I suppose that is where Seravalli is coming from when he writes, “The NHL has declined to integrate salary data into their website, with commissioner Gary Bettman repeatedly saying there is not an ‘appetite’ from fans for the information. The metrics and online buzz would beg to differ: teams used General Fanager as a reference in a sport where personnel moves are sometimes entirely dictated by dollars.”

It seems natural. They already have the data. Cut out the middlemen and produce it for fan consumption on the NHL site. Since it would be on the official site, you would never fear that it would disappear on you.

The only thing that I could come up with it that there might be a liability issue if the NHL proceeded in this direction. Not from players or from fans, but from their clubs.

Imagine that their site had made an error and a club did not notice. That club proceeds to make a transaction (trade, signing, buyout, etc.) and only after the transaction is completed do they find out that the are in violation of the salary cap.

The club would complain that it referenced information from the NHL site and should not be penalized, and so on. Things could get messy fast.

Hence, the NHL does not produce salary information for consumption. That allows secondary sites to exist by compiling the information for themselves.

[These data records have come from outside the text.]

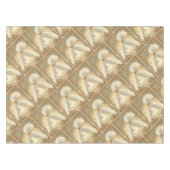 Nappe Colombe de Paix Nostalgique Romantique  (Devant (Horizontal))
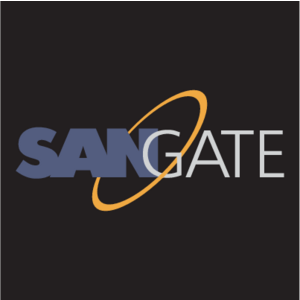 SANgate Systems Logo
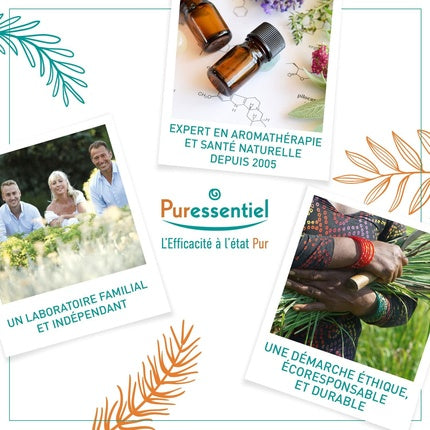 Hidratare Intimă, Puressentiel, Ulei Micelar Organic, 150ml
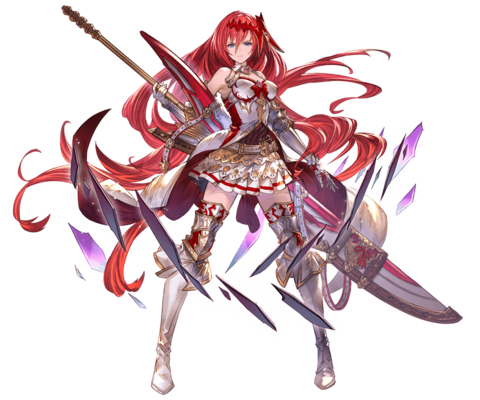 Alexiel - Full Body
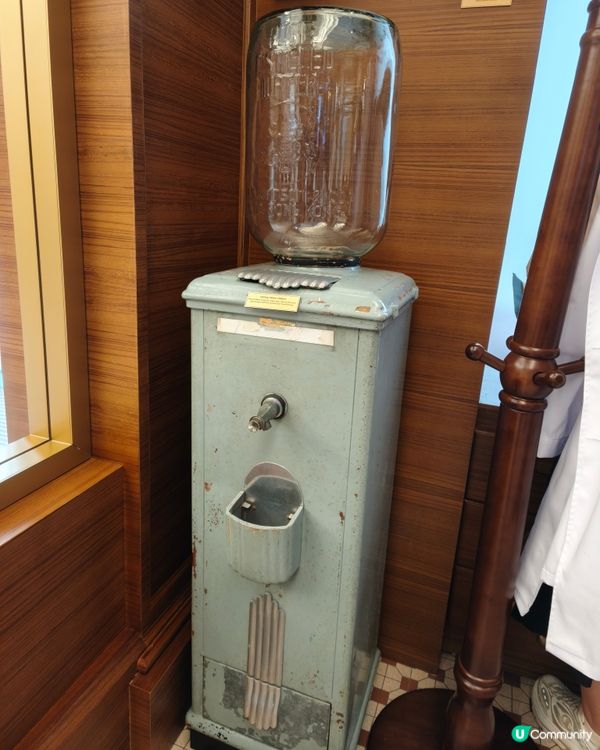 屈臣氏185年歷史館 🌟 懷舊體驗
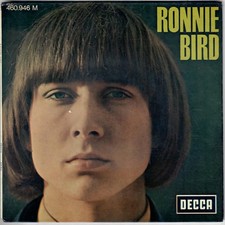 RONNIE BIRD Où Va-T-Elle 1965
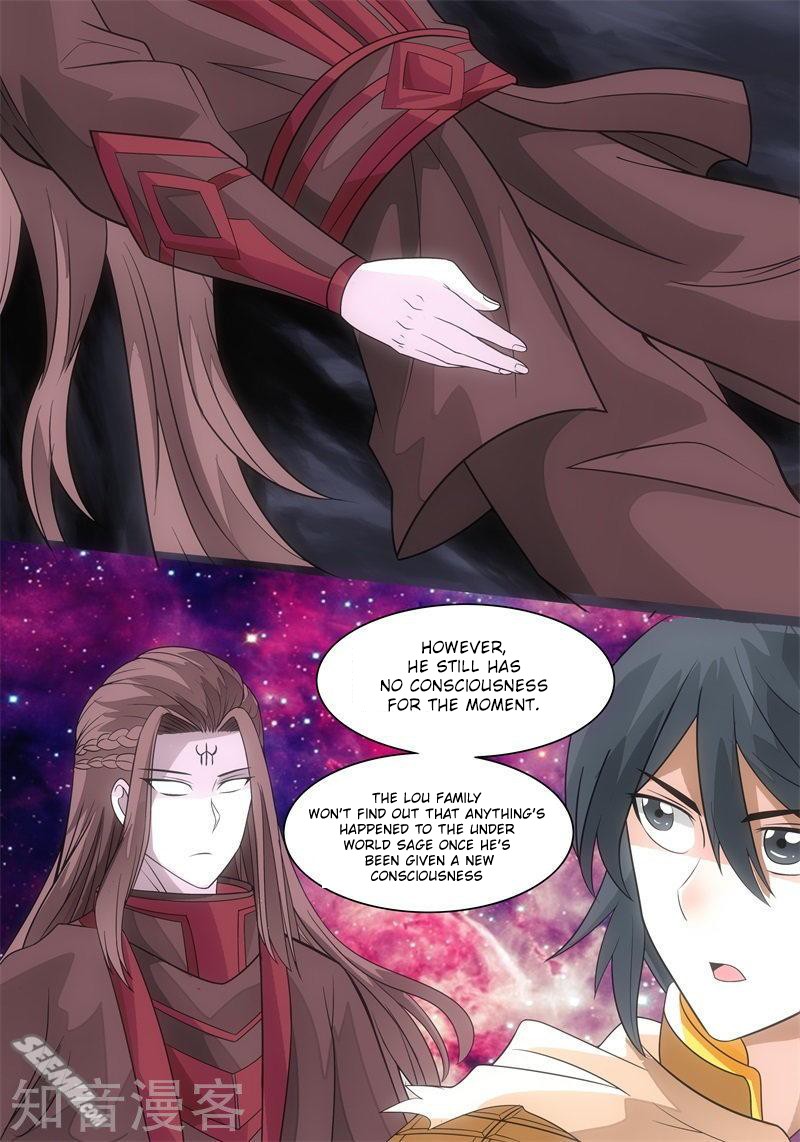Dragon King of the World Chapter 173 page 3 - 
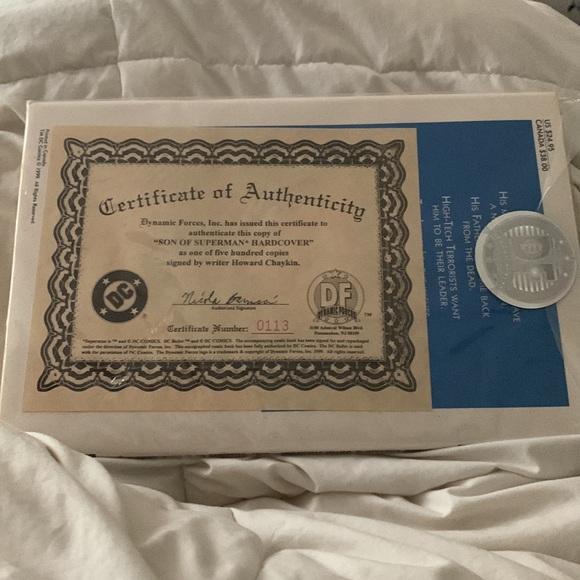 Son of Superman - Picture 2 of 2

What I would argue with Seravalli about is why does it have to be the NHL that provides this information?

Seems to me that the next best groups or organizations to compile and provide salary information are the sports news outlets (The Hockey News, Sportsnet, TSN, ESPN, etc.) or someone like Stats LLC or The Sports Forecaster.

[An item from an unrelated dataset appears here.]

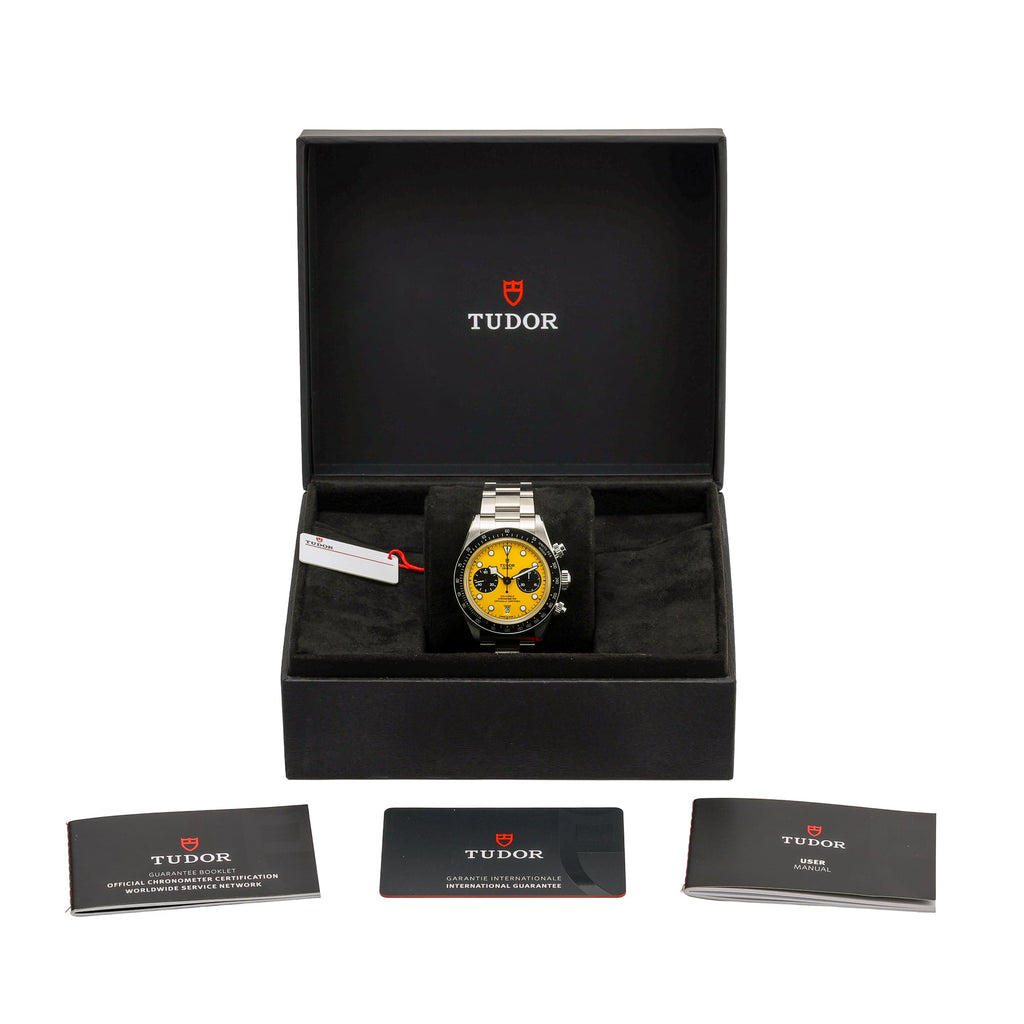 Tudor BLACK BAY CHRONO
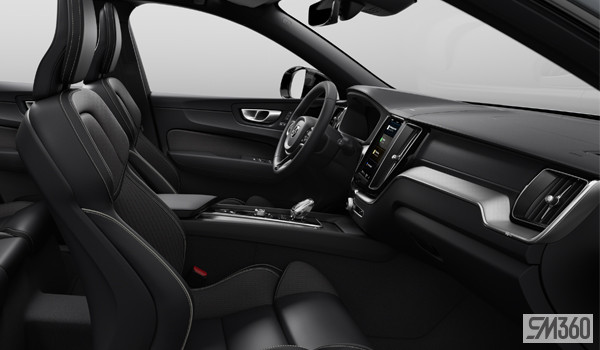 2025 Volvo XC60 Plug-In Hybrid T8 AWD Ultra Dark Theme in Cars & Trucks in Edmonton - Image 4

They have the insiders with the connections to management, players, and the local media that follow their respective teams. As far as technical infrastructure goes, they already run their own websites and could manage some more pieces of data.

Instead of referencing CapGeek GeneralFanager CapFriendly, they would be the source. If I were one of them I would be talking with the people at CapFriendly.

Last thing, if your pool relies on a secondary site for specialized data, you might want to consider capturing the info every quarter season. Call it a checkpoint.

If something should happen, like Poraszka going to Las Vegas, you will at least have a set of info that you could work from instead of compiling everything from scratch.